Some language learning resources are available via StudyDB, a web application developed at Middlebury for creating lexical databases. StudyDB contains vocabulary, dialogues and phrases for Chinese, Japanese, Arabic and Russian. For more information, see:

https://segue.middlebury.edu/sites/achapin-studydb

A number of faculty have recorded audio for use in their classes.  Kyoko Davis (Japanese) has made many audio recordings that supplement textbook material (see: Teaching with Technology > Extending the Textbook).  Patricia Saldariaga (Spanish) and Aya Claire Remon (French) have recorded audio for phonetics study.

Most audio files are in mp3 format. Most video is either in .mp4 format or .rm format. Many of these media files have had metadata added to them so that they can be used in mobile media devices such as iPods.

Language Resource Sites

In addition to language learning media sites that generally contain audio and/or video designed for language instruction, there are also resource sites that contain links to other sites in the target language, sites designed for speakers of that language.

One of the earliest and still widely used examples of this type of resource site is Lexique, developed by Carol Rifelj with the help of Ashley Waddell, Alan Katz, Stefan Nedialkov and Anton Altement.  See:

http://cr.middlebury.edu/public/french/Lexique/

Lexique is used by the French department for 2nd year courses such as fren0205 along with a number of other resources listed below.

Language Assessment Sites

The Russian, Italian, Spanish and French Schools and the French and Spanish departments have developed online exams using Measure, an instance of the Moodle course management system configured for use at Middlebury.  Some of these exams are used for entrance into programs of study, others are used for placement and some are used as exit exams to evaluate progress in a course of study.

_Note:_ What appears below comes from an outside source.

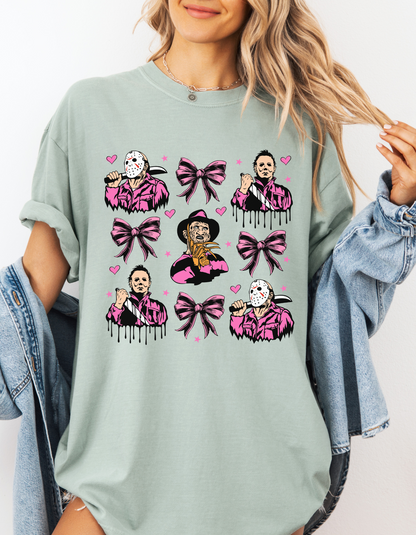 Pink Halloween coquette graphic tee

Many language department has developed exercises that are accessible online including:

Film Viewing Exercises

The French Dept has developed a number of exercises/activities based on french films.  These usually consist of a number of questions in a Word document about the film that students need to prepare answers for.  There have been attempts to create online versions of these exercises/activities, but no tool was found that fully met the needs of the French dept faculty.  Examples:
Les film française

La Moustache

Roberto Veguez (Spanish) had developed a series of exercises based on the film Como agua para chocolate that were developed in MOTS, an online assessment application developed at Middlebury.  While many online exams and quizzes developed in MOTS were migrated to Measure, these were not included.  Still they represented a effective use of technology that allowed students to answer questions about the film they were studying and get quick feedback about their responses.

Grammar Exercises

The French and Spanish departments have developed grammar exercises that are accessible online, but not in a format that would enable immediate feedback of student answers.

Vocabulary Exercises

Many language departments have developed exercises for vocabulary acquisition.  One of the most imaginative set of vocabulary exercises was developed by Patricia Saldarriaga (Spanish) that uses images of paintings to teach vocabulary.

Online Writing & Discussion

Many language courses have an online writing and discussion component.  Online writing may involve uploading a paper to a site for peer review or submitting blog posts.  Online discussions may be initiated by the instructor or be comments by students on blog posts.